With a $26.8 million bid, private equity firm Sycamore Partners has prevailed in the bankruptcy auction for The Limited Stores’ intellectual property, including its e-commerce business, sources told Reuters. The deal awaits approval from a U.S. bankruptcy court judge.
Sycamore last month put in a $25.75 million "stalking horse" bid for The Limited's intellectual property, which includes its trademarks, website address and social media accounts, and on Tuesday outbid apparel company Sunrise Brands LLC, Reuters said. The value of Sunrise's bid had to eclipse Sycamore's by at least $1 million to meet the requirements of the bankruptcy court, according to an earlier report.
The Limited shuttered all 250 stores and its website before filing for Chapter 11 bankruptcy protection last month, beset by falling traffic and debt from its previous private equity ownership.
Sycamore Partners, a private equity firm specializing in retail investments, has a portfolio that includes Belk department stores, Hot Topic, Nine West and Talbots — and now The Limited. Most recently, Sycamore made headlines in the retail space when it urged Aeropostale to liquidate in October. Sycamore was owed some $150 million by the teen apparel retailer, who eventually came back from the brink buoyed by a surprise joint bid from a consortium of mall landlords.
Private equity control can be tricky business for retailers. The Limited's previous private equity owner, Sun Capital Partners Inc., earlier this year told its investors that despite the closures, it had nearly doubled its Limited Stores investment. Due to prior distributions and dividends, Sun Capital made back its original $50 million 1.8 times over and will write down the remaining equity value of Limited Stores to zero.
While it seems clear Sun Capital didn't address the needs of its adopted chain, the seeds of The Limited’s demise were planted decades earlier, when the retailer took aim for Ann Taylor’s market of well-dressed professional women, among other critical changes, says Lee Peterson, who spent 11 years at The Limited and is now executive vice president of brand, strategy and design at global retail design firm WD Partners.
The brand was exacerbated when founder Les Wexner, CEO of L Brands, in 2007 sold the enterprise, which launched his retail empire in 1963 as a sole store in Columbus, OH. “All of a sudden, you took that brand and gave it a different target customer,” Peterson told Retail Dive. “And it’s the wrong target customer because it’s really changed and you’re not set up for it.

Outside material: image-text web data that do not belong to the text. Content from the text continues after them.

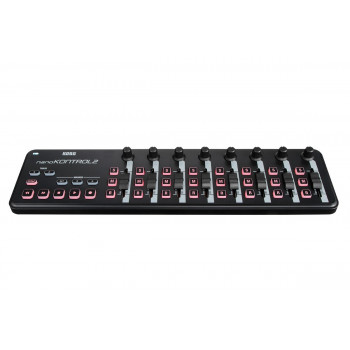Korg nanoKONTROL2 USB-MIDI-ohjain, musta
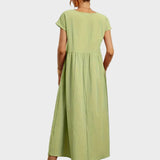 Csernely – Midi ruha elegáns stílusban 19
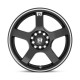 Алуминиеви джанти Motegi Motegi MR116 FS5 wheel 17x7 5X100/5X114.3 72.56 ET40, Gloss black | race-shop.bg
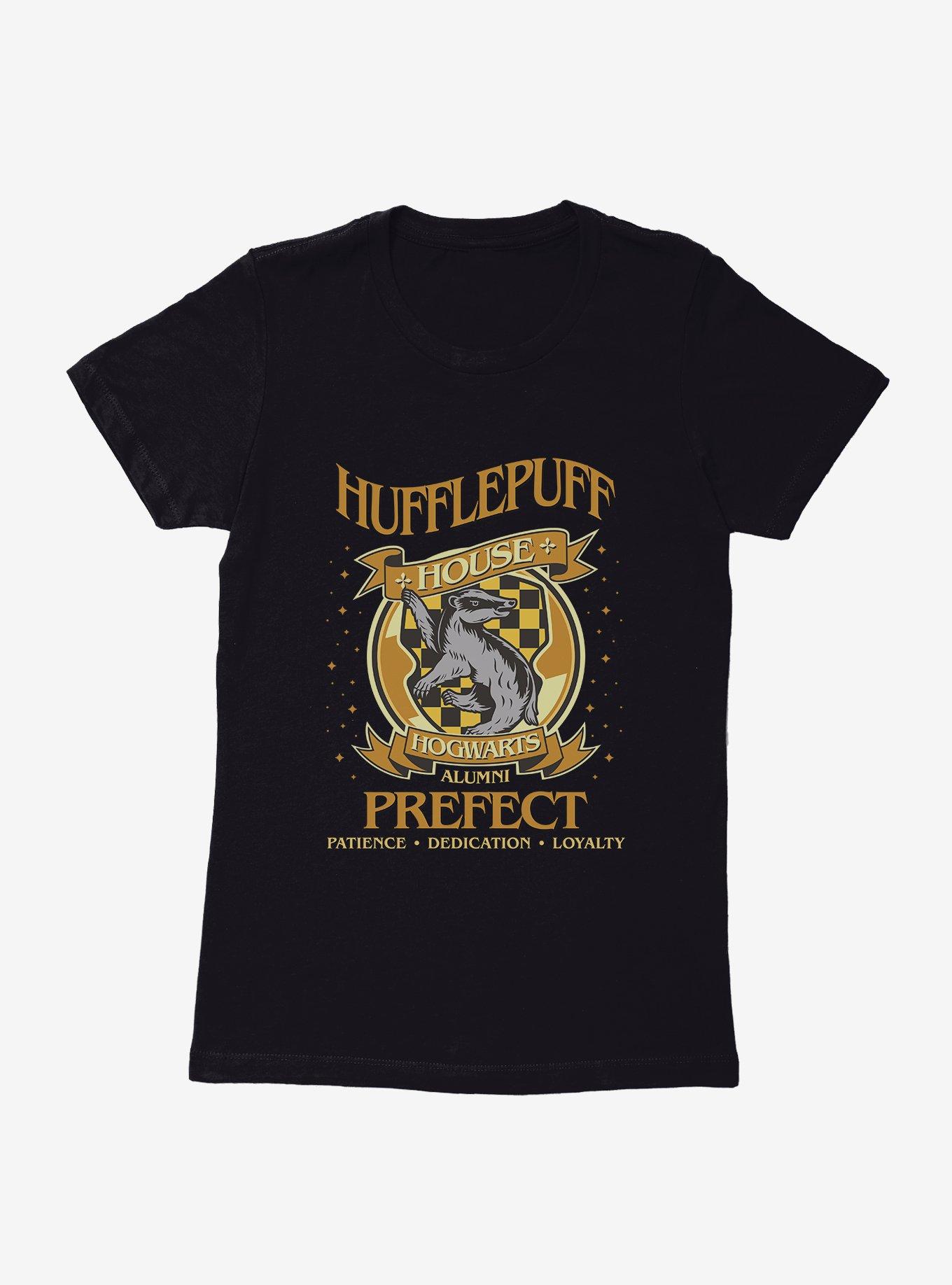 Harry Potter Hufflepuff Alumni Prefect Womens T-Shirt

And you changed the process of how you get product into the stores. And you lost Les.”
In recent months, as The Limited's time ran out, it was also missing direction from its top executives: CEO Diane Ellis left to become president of women’s apparel brand Chico's in October after less than two months in that position. Then John Buell, who was elevated from his CFO role to interim CEO, abandoned ship in late December to become the senior vice president and CFO of fashion and home decor brand Altar’d State.